Still, some politicians regularly say that the Arizona law is a response to a federal failure to secure our border. But rather than misleading the American public, our elected officials should support legislation that would actually work - not just recite divisive and misleading political rhetoric.

Fortunately, there are reasonable alternatives. Broad comprehensive immigration reform, first proposed by President George W. Bush in 2001, is supported by the Greater Houston Partnership and virtually every law enforcement agency. If enacted, it would control illegal immigration in a fashion far more effective than Arizona type laws. Since 99 percent of all individuals who cross the border do so either for employment or to join a working member of their family, fixing the employment-verification system by which one establishes that they are authorized to work in the United States would be 100 times more effective than any Arizona-like proposal. As President Bush proposed, we also need a guest-worker program so that needed workers have real options to enter legally when employers are able to prove the unavailability of American workers. He recognized it was better to have the Border Patrol focus on detaining criminal and dangerous aliens rather than chasing strawberry pickers, nannies and home builders.

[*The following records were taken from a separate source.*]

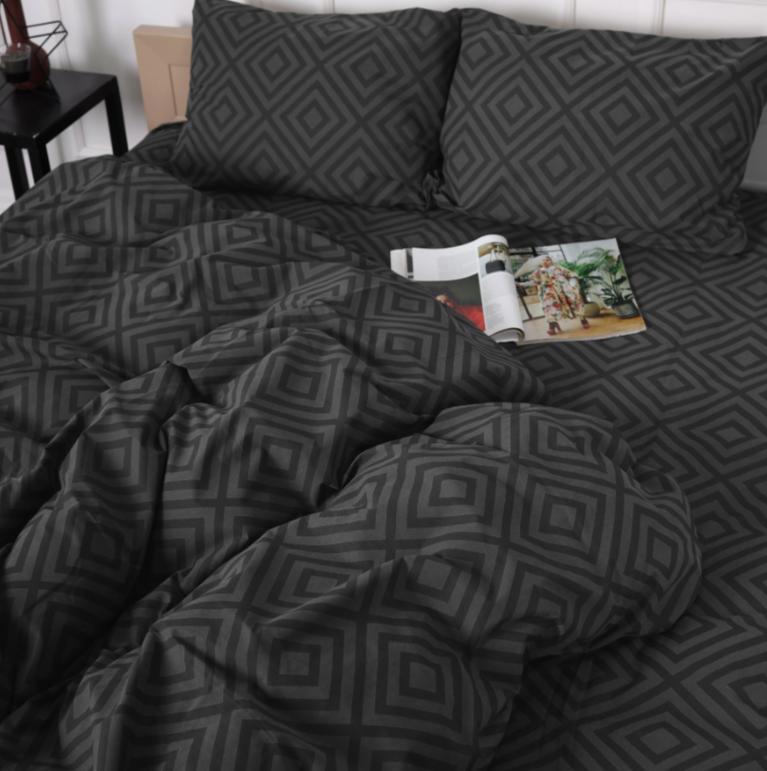 Карат Чорний - Бязь Gold - Євро комплект постільної білизни, фото 1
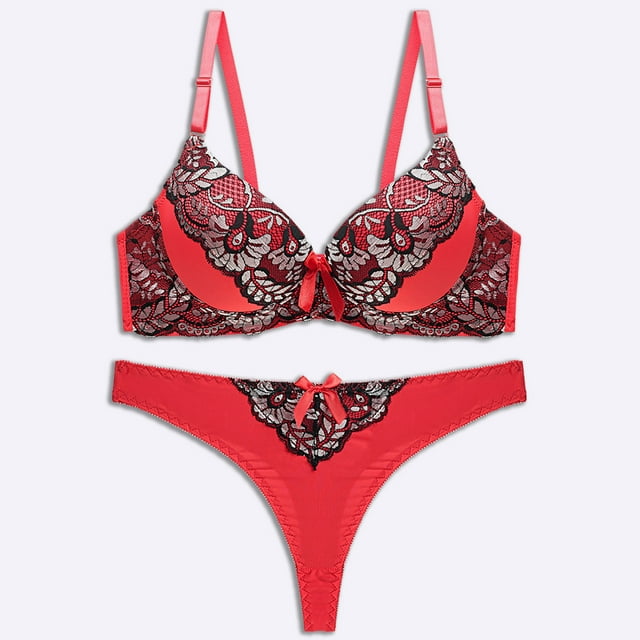 LSLJS Fashion Women with Steel Rings Print Sexy Lace Underwear Ladies Lntimates Set Lingerie Sets, Lingerie Sets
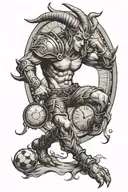 capricorn, time clock, young boy playing football player tattoo design idea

For security purposes, it is far better that the large undocumented population estimated to be 10.8 million be required to register. Those without a criminal record would be eligible to acquire not U.S. citizenship, not even lawful permanent residency or "green card" status, but simply temporary legal status that would allow them to work and travel legally in exchange for which they pay back taxes and a significant fine for having violated immigration laws. In order to extend such status, they would be required to take and pass English language and American civics courses. Would we really want an Arizona type atmosphere where, even if it were logistically and cost feasible, as a priority our Houston police would seek to detain an estimated 400,000 undocumented workers in our region, which would both devastate our economy and overwhelm our criminal justice system?

Sadly, the national furor over the Arizona law has turned the serious debate over immigration reform into an irrelevant side show. It is time to ask our elected representatives to deal with this critical issue in a responsible fashion. Our Texas congressional delegation members - Republican and Democrat alike - should take the lead in a bipartisan fashion, just as they have done with other serious challenges facing our city, particularly NASA and the Port of Houston funding.

No state and no community are more affected by illegal immigration than Texas and Houston. Resolving this problem will require our best and brightest solutions. And those can only be accomplished if we have an honest discussion about it.

Foster is chairman of the Immigration Task Force of the Greater Houston Partnership, co-chairman of the immigration law firm of FosterQuan LLP and was President George W. Bush's principal policy adviser on immigration in the 2000 campaign.